I know some working women who have no problem telling their bosses that they have to get off a conference call because their child needs their immediate attention. I know many women who go through life changing events and do not disclose it to anyone in their work place fearing it will be used against them.
If you’re saying to yourself that this is the nature of business, that this is how it works, you are proving my point. Pretending not to have a family life does not make them go away. It does not make you a better worker, a better boss or a better parent. It makes you miserable.
Moreover, this non-spilling of personal into professional is one sided – at the same time the personal is being further and further segregated from the professional , the professional seems to spillover more and more into the personal, making our time ‘off work’ exceedingly infinitesimal. If you think this is a women’s issue only, you are wrong. The stealthy nature of women’s caregiving roles misleadingly points to that, but the stark reality is that eventually, women’s issues are family issues, and community issues, and society issues and political issues. Just think of what happens in your family when Mom is sick.
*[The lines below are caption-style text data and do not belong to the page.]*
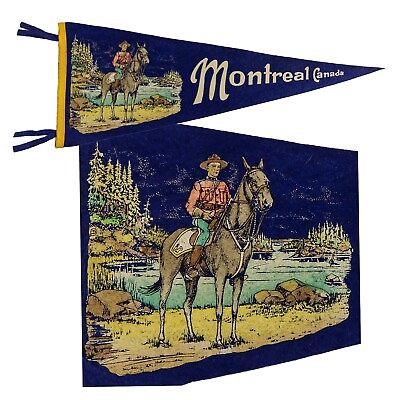 #ad ⭐ Beautiful MONTREAL CANADA Antique 28” Pennant Royal Canadian Mounted Police ⭐ $75.00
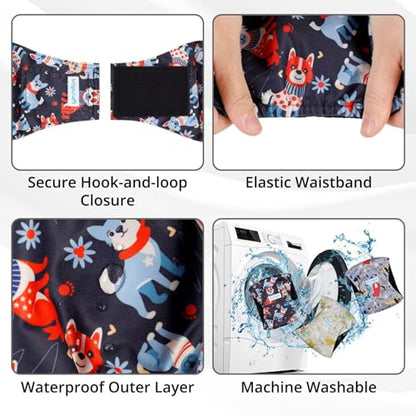 Paw Legend Washable Dogs Diapers Male Dog Belly Bands for Male Dogs Diapers Reusable Puppy & Doggie Diapers Male - color: Cute dog, size: X-Small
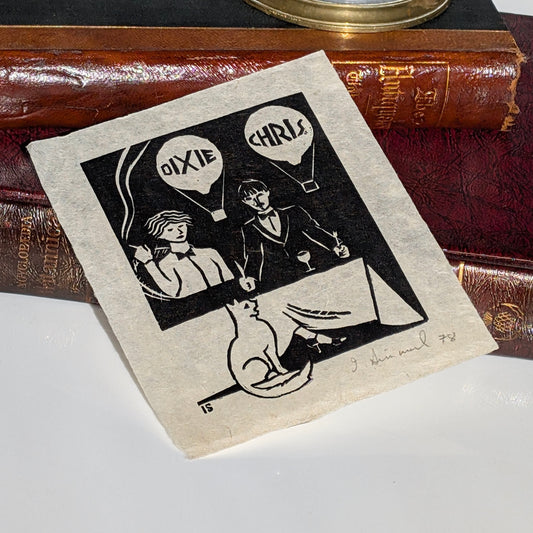 Ilme Simmul 'Dixie & Chris' Linocut, 1978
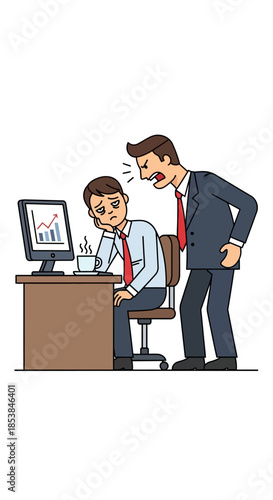 Boss Yelling at Stressed Employee at Desk.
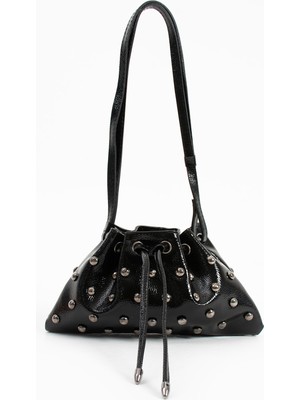 Nbi Bags Siyah Trok Taşlı Kadın Mini Kese Omuz Çanta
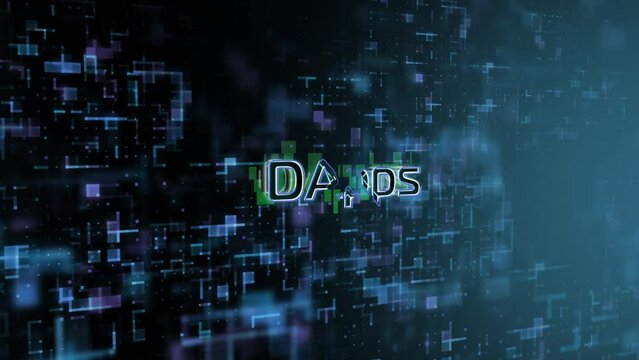 DApps Concept Text Reveal Animation with Digital Abstract Technology Background 3D Rendering for Blockchain, Metaverse, Cryptocurrency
The personal is political. And when the personal is hidden from sight it is a reflection of the political forces that govern what is sightly and what is not. It is not necessarily a reflection of what is best or true. Currently, these governing forces have some common attributes, none of which include being a woman or a mother. One only needs to reflect on recent congress hearing about women’s issues to realize just how deeply the personal and political are intermingled.